International song competition

The World Popular Song Festival (世界歌謡祭, Sekai Kayōsai), also known as Yamaha Music Festival and unofficially as the "Oriental Eurovision", was an international song contest held from 1970 until 1989. It was organised by the Yamaha Music Foundation in Tokyo, Japan. The first edition of the World Popular Song Festival (WPSF) took place on 20, 21 and 22 November 1970 with 37 participating countries from all continents. The concert was cancelled in 1988 due to the illness of the Shōwa Emperor; the final year was a charity concert for UNICEF, after which the contest was formally ended.

==History==
Belgium was represented at the 1970 edition by Daliah Lavi, famous for her role in Casino Royale (1967), the James Bond parody featuring Woody Allen as well with Samantha Gilles in 1987 ending second with the song Hold Me. Lavi performed the chanson "Prends L'Amour" and ended up 13th in the Grand Final (the contest had two semi-finals and one final). The Netherlands nominated world-known jazz singer Rita Reys with the song "Just Be You", a composition by her husband Pim Jacobs. Czech singer Helena Vondráčková sang "Uncle Charlie" a novelty song inspired by Charlie Chaplin. Other famous 1970 participants were 1969 Eurovision winner Frida Boccara for France, Jacques Michel for Canada and Ted Mulry for Australia, who scored a national number 1 hit with his entry. Winner of the 1st WPSF was Israel with the duo Hedva and David. More than a million copies of the Japanese version ナオミの夢 "Naomi no Yume" of their winning entry I Dream of Naomi were sold worldwide, giving a serious credibility boost to the new Festival.

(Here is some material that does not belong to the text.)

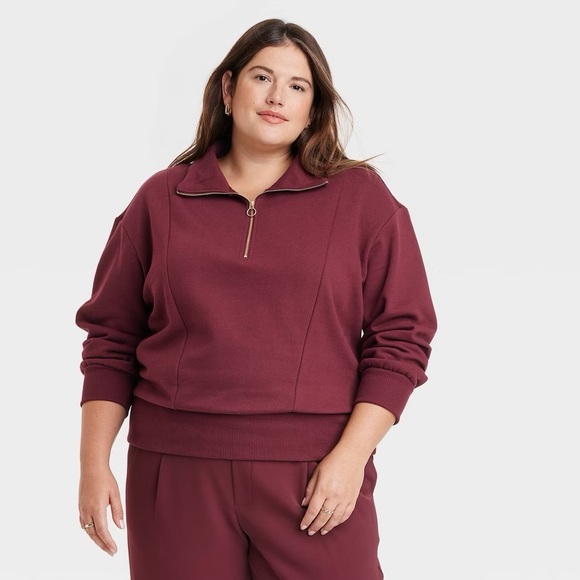 a new day Tops - A New Day Women’s Quarter Zip Sweatshirt Burgundy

Well established names as well as new talents tried their fortune at the WPSF: a very young ABBA under the name Björn & Benny with uncredited backing vocals by their partners Agnetha and Anni-Frid performing the track "Santa Rosa" with little success (later relegated to the B-side of their second single "He Is Your Brother"), Céline Dion (Outstanding Song Award in 1982), Bryan Adams (Participating in 1982), Bucks Fizz (Best Song Award in 1981), Tina Charles, Eros Ramazzotti, Daniela Romo, Gianna Nannini, Demis Roussos, Bonnie Tyler, B.J. Thomas, La Toya Jackson (Outstanding Song Award in 1986), Erasure, Cissy Houston, Italian singer-songwriter Alice, Mia Martini and many others.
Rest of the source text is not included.